● Exercise details
An exact reproduction is needed of every line from the beginning of the data down to and including the line that contains "Caitie S Classroom", minus the pictures.

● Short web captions
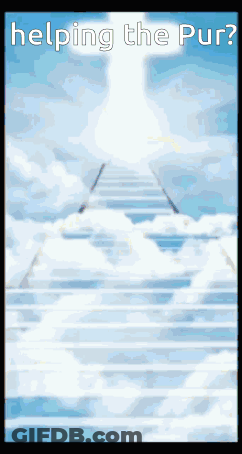 A Picture Of A Staircase To Heaven With The Words Helping The Pur Written On It GIF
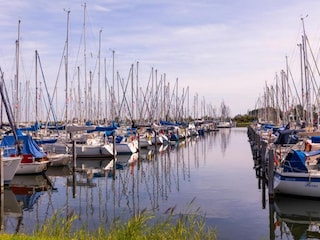 Ferienpark Bruinisse Umgebung 14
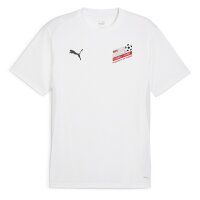 BDFL Puma teamGOAL Trainingsshirt Herren - weiß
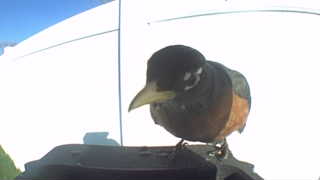 american robin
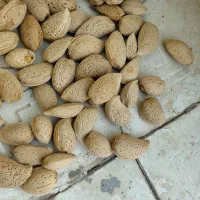 بادام تلخ و بادام شیرین|خوردنی و آشامیدنی|خوانسار, |دیوار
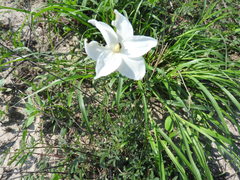 Nicotiana repanda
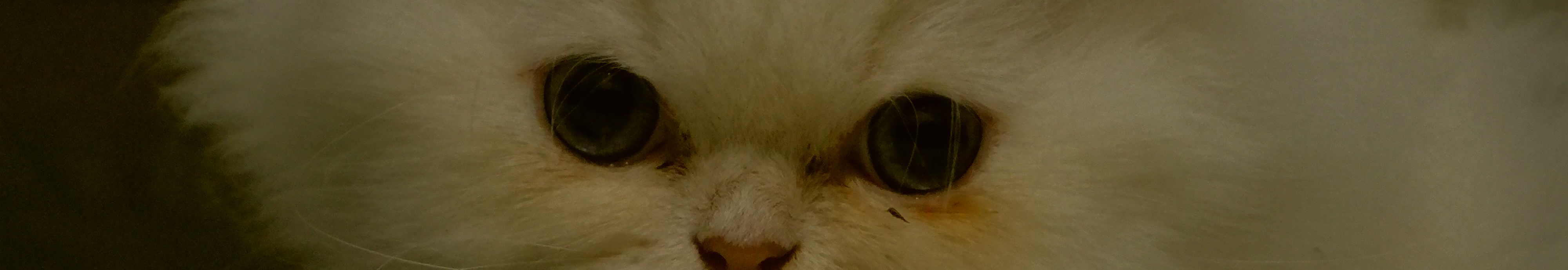 User profile cover image
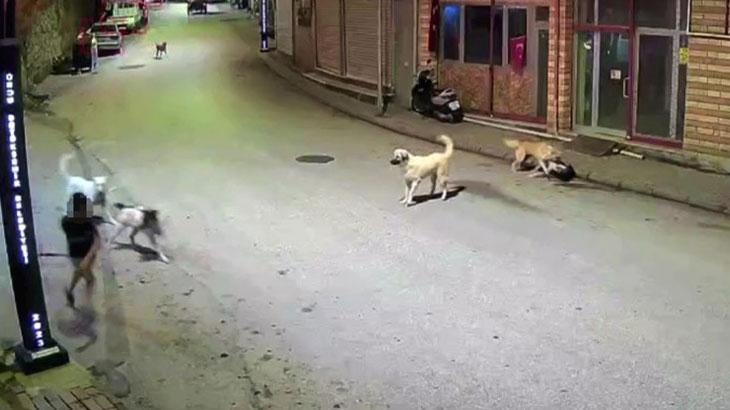 Çocuk Köpek Saldırısından Kaçış Anı: Güvenlik Kameralarına Yansıyan Bireysel Müdahale
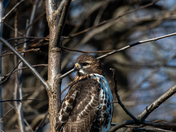 Red Tailed Hawk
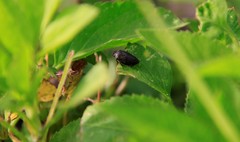 Prosapia bicincta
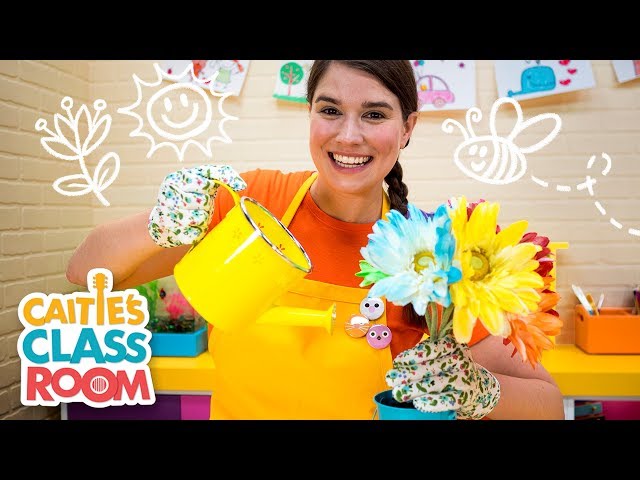 Caitie S Classroom Live Spring Videos For Kids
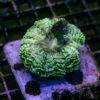 Green Mottled AUS Acantho A05 1 TRSC 09152025 ACANTHO A05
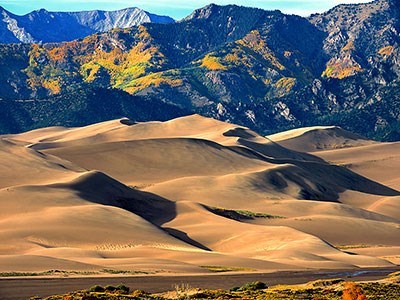 Gold aspens above dunes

● Response box
 A Picture Of A Staircase To Heaven With The Words Helping The Pur Written On It GIF
 Ferienpark Bruinisse Umgebung 14
 BDFL Puma teamGOAL Trainingsshirt Herren - weiß
 american robin
 بادام تلخ و بادام شیرین|خوردنی و آشامیدنی|خوانسار, |دیوار
 Nicotiana repanda
 User profile cover image
 Çocuk Köpek Saldırısından Kaçış Anı: Güvenlik Kameralarına Yansıyan Bireysel Müdahale
 Red Tailed Hawk
 Prosapia bicincta
 Caitie S Classroom Live Spring Videos For Kids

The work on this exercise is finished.